The neglect of slavery as a specific focus, he argues, is the outcome of key shifts in the methods and concerns of comparative and historical sociologists. The first shift was toward “grand historical sociology,” a tradition that emerged in the mid-to late seventies and early eighties, led by scholars including Theda Skocpol, Dietrich Rueschemeyer, and Peter B. Evans. This tradition used historical process-tracing and case comparison to chart the emergence of the modern world system. Within this tradition, slavery was treated as “one mode of labor production [among many], along with East European serfdom and Western wage labor” (Patterson, this issue).

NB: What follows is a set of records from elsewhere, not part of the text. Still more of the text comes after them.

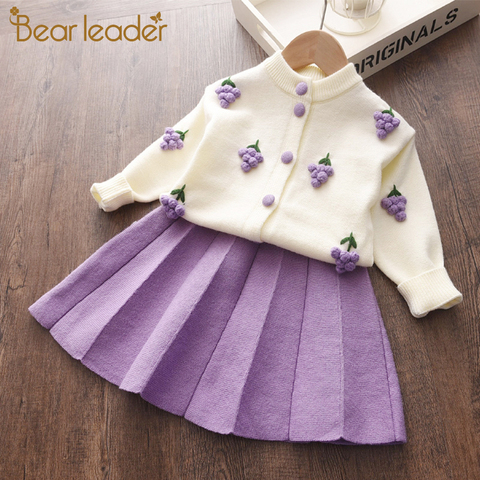 Bear Leader conjunto de ropa para niñas pequeñas, conjunto de ropa de uva de dibujos animados para otoño e invierno, traje de punto dulce para niños, ropa para niños conjunto ► Foto 1/6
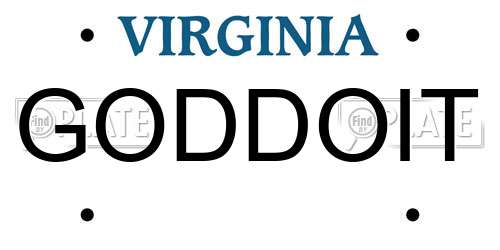 GODDOIT Virginia License Plate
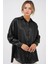Kadın BDART Düğmeli Oversize Saten Gömlek Black 5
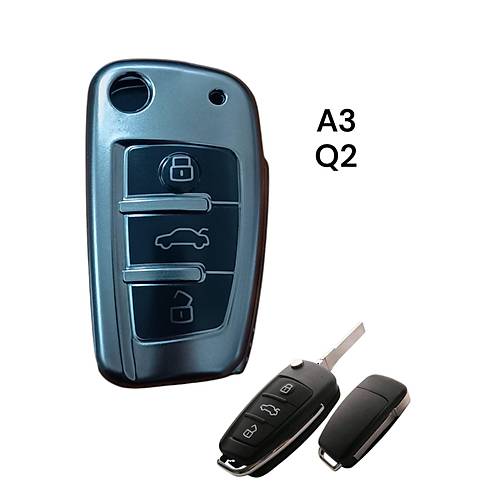 Audi A3 Q2  Anahtar Uyumlu Silikon Oto Anahtar Kumanda Kab� K�l�f Siyah
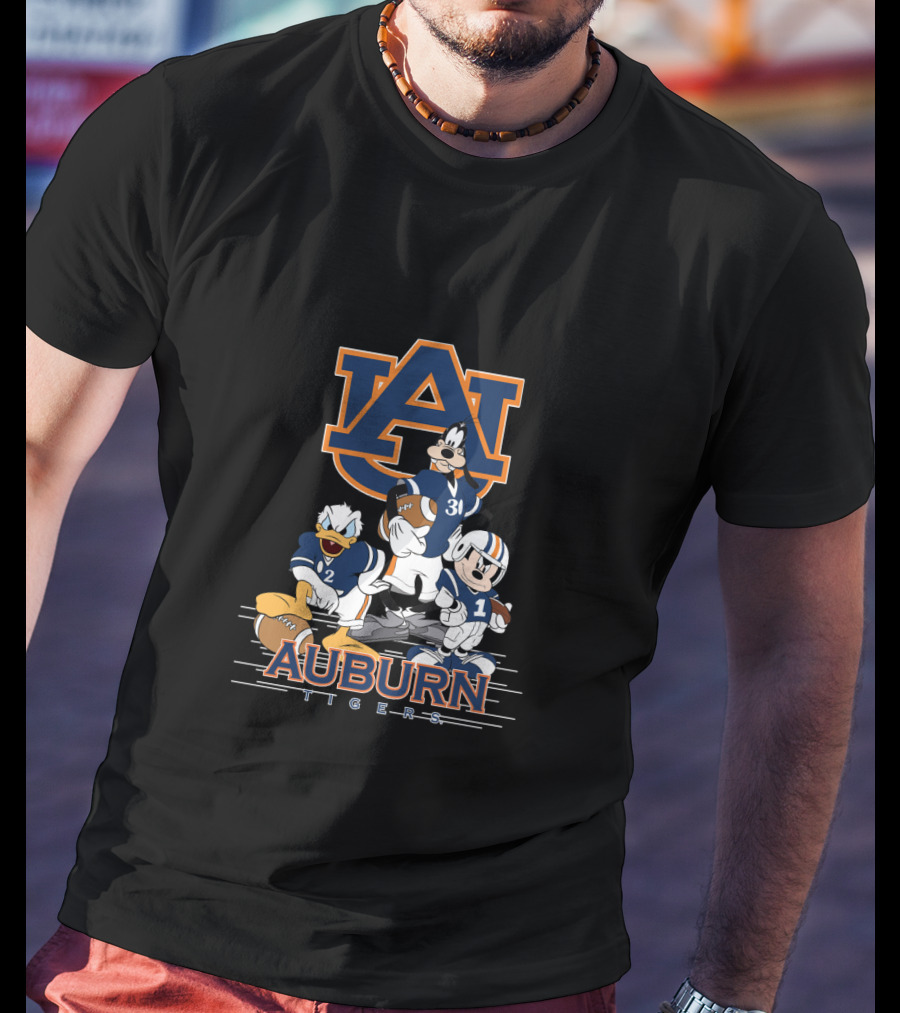 Auburn Tigers Disney Characters Football Team T-Shirt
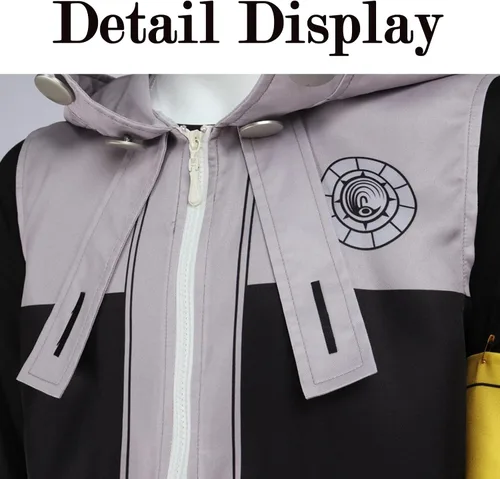 Vista 5 de Gachiakuta Rudo - Disfraz completo de cosplay con accesorios, uniforme gris con capucha para Halloween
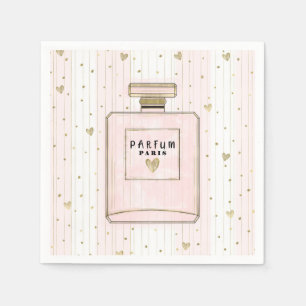 Roze & Gouden Harten Paris Parfum Chic Mode Servet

Patterson clarifies that the problem extends beyond choice of methods and into the discipline’s baseline scholarly orientation. Slavery, he explains, “became entangled with changing ideological fads and fashions in sociology. Up to the 1960s, slavery was, indeed, considered an essential factor in explaining racism and the plight of black Americans and blacks generally.” But culture “became suspect among sociologists and the subject was largely dropped from sociological work on race and poverty” and excluded “as an explanatory factor in the study of race.” The topic of slavery was “smeared through a kind of intellectual guilt by association” with the culture of poverty approach, “among sociologists.” A view of slavery as “non-destructive of the social lives of the slaves” fitted neatly with the overall turn against cultural analysis in sociology in general and in the study of black life and poverty more specifically. “The fundamental issue at stake here is the misguided pseudo-liberal failure of sociologists, both those who work on present problems and historically oriented ones, to recognize one of the most tragic complexities of oppression. This is the fact that oppression works both externally and internally” (Patterson, this issue).

The second shift concerns presentism. Presentism is the dehistoricization of social phenomena, reflected in the temporal and regional parochialism of the papers published in the discipline’s leading journals, the vast majority of which “usually do not indicate any era, period, or time frame, and are written in the sociological present tense” (Patterson, this issue, quoting Steinmetz 2018). This style of analysis “conveys an image of the social world as being governed by unchanging universal laws and logics of necessity. The message is that the present is the same as the past, or that the past is simply not interesting …” (ibid.)

Slavery was one of the foundational institutions of western civilization. It was one of the foundational institutions of the United States. As the articles in this special issue of Theory and Society demonstrate, a fully historicized treatment of the subject, attendant to its specific manifestations and consequences, is Patterson’s bequest to us.